Records from a dataset

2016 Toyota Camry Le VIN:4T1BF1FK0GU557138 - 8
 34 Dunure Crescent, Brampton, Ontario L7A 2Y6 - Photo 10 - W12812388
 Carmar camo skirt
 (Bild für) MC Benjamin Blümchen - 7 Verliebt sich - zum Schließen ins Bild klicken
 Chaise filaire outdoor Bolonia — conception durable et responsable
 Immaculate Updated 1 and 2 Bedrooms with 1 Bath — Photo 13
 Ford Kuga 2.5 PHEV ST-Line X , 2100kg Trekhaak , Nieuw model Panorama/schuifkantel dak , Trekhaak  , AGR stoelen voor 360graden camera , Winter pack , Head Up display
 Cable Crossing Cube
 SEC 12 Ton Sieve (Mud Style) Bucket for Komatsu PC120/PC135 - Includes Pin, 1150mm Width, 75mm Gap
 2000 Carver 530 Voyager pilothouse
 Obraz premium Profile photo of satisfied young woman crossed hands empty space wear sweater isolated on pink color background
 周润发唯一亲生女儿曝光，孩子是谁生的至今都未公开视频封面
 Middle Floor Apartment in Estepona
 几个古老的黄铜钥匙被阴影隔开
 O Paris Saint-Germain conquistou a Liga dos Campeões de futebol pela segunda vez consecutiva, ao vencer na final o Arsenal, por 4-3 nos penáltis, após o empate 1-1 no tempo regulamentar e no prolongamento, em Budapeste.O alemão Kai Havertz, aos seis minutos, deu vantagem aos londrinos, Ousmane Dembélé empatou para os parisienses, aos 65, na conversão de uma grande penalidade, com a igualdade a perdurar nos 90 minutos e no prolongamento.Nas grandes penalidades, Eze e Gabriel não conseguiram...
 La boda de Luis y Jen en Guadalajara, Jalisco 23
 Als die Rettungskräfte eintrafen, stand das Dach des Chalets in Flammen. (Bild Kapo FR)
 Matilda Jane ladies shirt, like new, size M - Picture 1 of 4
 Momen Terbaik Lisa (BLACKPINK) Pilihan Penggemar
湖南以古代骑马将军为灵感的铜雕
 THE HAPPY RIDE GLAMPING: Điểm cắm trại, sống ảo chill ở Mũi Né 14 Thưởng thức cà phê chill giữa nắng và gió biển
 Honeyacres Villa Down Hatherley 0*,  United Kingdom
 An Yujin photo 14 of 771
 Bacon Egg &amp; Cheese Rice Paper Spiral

Task objective — From the first line to the last, transcribe the records exactly.

Answer section —
2016 Toyota Camry Le VIN:4T1BF1FK0GU557138 - 8
 34 Dunure Crescent, Brampton, Ontario L7A 2Y6 - Photo 10 - W12812388
 Carmar camo skirt
 (Bild für) MC Benjamin Blümchen - 7 Verliebt sich - zum Schließen ins Bild klicken
 Chaise filaire outdoor Bolonia — conception durable et responsable
 Immaculate Updated 1 and 2 Bedrooms with 1 Bath — Photo 13
 Ford Kuga 2.5 PHEV ST-Line X , 2100kg Trekhaak , Nieuw model Panorama/schuifkantel dak , Trekhaak  , AGR stoelen voor 360graden camera , Winter pack , Head Up display
 Cable Crossing Cube
 SEC 12 Ton Sieve (Mud Style) Bucket for Komatsu PC120/PC135 - Includes Pin, 1150mm Width, 75mm Gap
 2000 Carver 530 Voyager pilothouse
 Obraz premium Profile photo of satisfied young woman crossed hands empty space wear sweater isolated on pink color background
 周润发唯一亲生女儿曝光，孩子是谁生的至今都未公开视频封面
 Middle Floor Apartment in Estepona
 几个古老的黄铜钥匙被阴影隔开
 O Paris Saint-Germain conquistou a Liga dos Campeões de futebol pela segunda vez consecutiva, ao vencer na final o Arsenal, por 4-3 nos penáltis, após o empate 1-1 no tempo regulamentar e no prolongamento, em Budapeste.O alemão Kai Havertz, aos seis minutos, deu vantagem aos londrinos, Ousmane Dembélé empatou para os parisienses, aos 65, na conversão de uma grande penalidade, com a igualdade a perdurar nos 90 minutos e no prolongamento.Nas grandes penalidades, Eze e Gabriel não conseguiram...
 La boda de Luis y Jen en Guadalajara, Jalisco 23
 Als die Rettungskräfte eintrafen, stand das Dach des Chalets in Flammen. (Bild Kapo FR)
 Matilda Jane ladies shirt, like new, size M - Picture 1 of 4
 Momen Terbaik Lisa (BLACKPINK) Pilihan Penggemar
湖南以古代骑马将军为灵感的铜雕
 THE HAPPY RIDE GLAMPING: Điểm cắm trại, sống ảo chill ở Mũi Né 14 Thưởng thức cà phê chill giữa nắng và gió biển
 Honeyacres Villa Down Hatherley 0*,  United Kingdom
 An Yujin photo 14 of 771
 Bacon Egg &amp; Cheese Rice Paper Spiral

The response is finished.